Output the data word for word. Begin at its first line and end at the line with "Учебный лагерь Санта-Клауса".
********************
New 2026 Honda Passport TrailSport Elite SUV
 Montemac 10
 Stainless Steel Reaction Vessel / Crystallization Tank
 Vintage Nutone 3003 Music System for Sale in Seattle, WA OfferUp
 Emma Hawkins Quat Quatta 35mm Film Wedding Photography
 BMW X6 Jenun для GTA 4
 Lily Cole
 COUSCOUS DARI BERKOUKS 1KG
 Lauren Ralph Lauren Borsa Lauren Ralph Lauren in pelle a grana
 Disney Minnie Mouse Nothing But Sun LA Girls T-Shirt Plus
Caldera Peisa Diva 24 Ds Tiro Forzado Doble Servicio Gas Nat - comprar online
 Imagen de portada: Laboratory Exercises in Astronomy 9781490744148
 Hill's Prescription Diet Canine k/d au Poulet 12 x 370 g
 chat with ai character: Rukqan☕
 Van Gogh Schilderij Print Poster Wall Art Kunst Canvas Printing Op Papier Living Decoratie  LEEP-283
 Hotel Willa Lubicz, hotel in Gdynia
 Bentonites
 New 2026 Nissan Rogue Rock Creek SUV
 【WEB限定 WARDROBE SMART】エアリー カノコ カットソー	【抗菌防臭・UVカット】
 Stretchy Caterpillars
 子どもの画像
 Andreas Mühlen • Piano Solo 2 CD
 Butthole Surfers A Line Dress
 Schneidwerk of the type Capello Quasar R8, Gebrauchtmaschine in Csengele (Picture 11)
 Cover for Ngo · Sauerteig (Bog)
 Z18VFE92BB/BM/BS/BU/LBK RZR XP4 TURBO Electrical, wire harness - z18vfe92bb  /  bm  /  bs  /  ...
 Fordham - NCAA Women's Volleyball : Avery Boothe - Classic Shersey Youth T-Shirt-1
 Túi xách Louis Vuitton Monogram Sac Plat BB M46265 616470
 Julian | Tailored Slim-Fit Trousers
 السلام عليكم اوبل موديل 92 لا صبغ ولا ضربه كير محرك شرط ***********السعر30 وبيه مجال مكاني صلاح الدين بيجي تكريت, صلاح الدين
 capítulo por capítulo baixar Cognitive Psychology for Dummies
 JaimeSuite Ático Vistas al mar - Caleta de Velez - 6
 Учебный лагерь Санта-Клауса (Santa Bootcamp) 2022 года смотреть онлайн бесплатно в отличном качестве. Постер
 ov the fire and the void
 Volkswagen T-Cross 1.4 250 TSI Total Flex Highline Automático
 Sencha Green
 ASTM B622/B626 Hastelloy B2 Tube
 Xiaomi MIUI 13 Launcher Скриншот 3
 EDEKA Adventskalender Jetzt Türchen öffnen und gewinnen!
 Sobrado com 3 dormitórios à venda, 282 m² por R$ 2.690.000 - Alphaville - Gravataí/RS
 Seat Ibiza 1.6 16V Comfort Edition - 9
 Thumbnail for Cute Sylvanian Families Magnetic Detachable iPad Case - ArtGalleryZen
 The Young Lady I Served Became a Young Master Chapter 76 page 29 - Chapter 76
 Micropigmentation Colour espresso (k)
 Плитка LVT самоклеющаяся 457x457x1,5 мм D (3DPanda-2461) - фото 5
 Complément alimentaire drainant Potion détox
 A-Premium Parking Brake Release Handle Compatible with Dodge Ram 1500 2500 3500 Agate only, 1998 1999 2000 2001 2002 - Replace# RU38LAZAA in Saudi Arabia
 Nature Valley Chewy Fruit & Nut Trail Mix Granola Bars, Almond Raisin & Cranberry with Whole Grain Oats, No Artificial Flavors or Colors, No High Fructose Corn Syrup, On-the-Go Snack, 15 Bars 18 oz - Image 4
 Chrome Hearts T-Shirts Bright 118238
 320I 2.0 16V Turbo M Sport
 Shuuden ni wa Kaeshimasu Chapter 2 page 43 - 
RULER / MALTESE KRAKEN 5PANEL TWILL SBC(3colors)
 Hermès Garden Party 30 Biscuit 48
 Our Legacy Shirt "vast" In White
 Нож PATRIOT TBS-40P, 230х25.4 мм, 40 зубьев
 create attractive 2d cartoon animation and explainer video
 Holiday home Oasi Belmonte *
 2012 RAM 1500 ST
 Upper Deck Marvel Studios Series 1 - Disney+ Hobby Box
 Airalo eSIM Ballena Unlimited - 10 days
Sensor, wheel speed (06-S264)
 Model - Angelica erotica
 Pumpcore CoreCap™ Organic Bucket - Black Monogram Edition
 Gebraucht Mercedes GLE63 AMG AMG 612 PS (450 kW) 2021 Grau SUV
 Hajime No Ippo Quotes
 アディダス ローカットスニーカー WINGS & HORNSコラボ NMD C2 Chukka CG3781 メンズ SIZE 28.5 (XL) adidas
********************
## Result of this task:
New 2026 Honda Passport TrailSport Elite SUV
 Montemac 10
 Stainless Steel Reaction Vessel / Crystallization Tank
 Vintage Nutone 3003 Music System for Sale in Seattle, WA OfferUp
 Emma Hawkins Quat Quatta 35mm Film Wedding Photography
 BMW X6 Jenun для GTA 4
 Lily Cole
 COUSCOUS DARI BERKOUKS 1KG
 Lauren Ralph Lauren Borsa Lauren Ralph Lauren in pelle a grana
 Disney Minnie Mouse Nothing But Sun LA Girls T-Shirt Plus
Caldera Peisa Diva 24 Ds Tiro Forzado Doble Servicio Gas Nat - comprar online
 Imagen de portada: Laboratory Exercises in Astronomy 9781490744148
 Hill's Prescription Diet Canine k/d au Poulet 12 x 370 g
 chat with ai character: Rukqan☕
 Van Gogh Schilderij Print Poster Wall Art Kunst Canvas Printing Op Papier Living Decoratie  LEEP-283
 Hotel Willa Lubicz, hotel in Gdynia
 Bentonites
 New 2026 Nissan Rogue Rock Creek SUV
 【WEB限定 WARDROBE SMART】エアリー カノコ カットソー	【抗菌防臭・UVカット】
 Stretchy Caterpillars
 子どもの画像
 Andreas Mühlen • Piano Solo 2 CD
 Butthole Surfers A Line Dress
 Schneidwerk of the type Capello Quasar R8, Gebrauchtmaschine in Csengele (Picture 11)
 Cover for Ngo · Sauerteig (Bog)
 Z18VFE92BB/BM/BS/BU/LBK RZR XP4 TURBO Electrical, wire harness - z18vfe92bb  /  bm  /  bs  /  ...
 Fordham - NCAA Women's Volleyball : Avery Boothe - Classic Shersey Youth T-Shirt-1
 Túi xách Louis Vuitton Monogram Sac Plat BB M46265 616470
 Julian | Tailored Slim-Fit Trousers
 السلام عليكم اوبل موديل 92 لا صبغ ولا ضربه كير محرك شرط ***********السعر30 وبيه مجال مكاني صلاح الدين بيجي تكريت, صلاح الدين
 capítulo por capítulo baixar Cognitive Psychology for Dummies
 JaimeSuite Ático Vistas al mar - Caleta de Velez - 6
 Учебный лагерь Санта-Клауса (Santa Bootcamp) 2022 года смотреть онлайн бесплатно в отличном качестве. Постер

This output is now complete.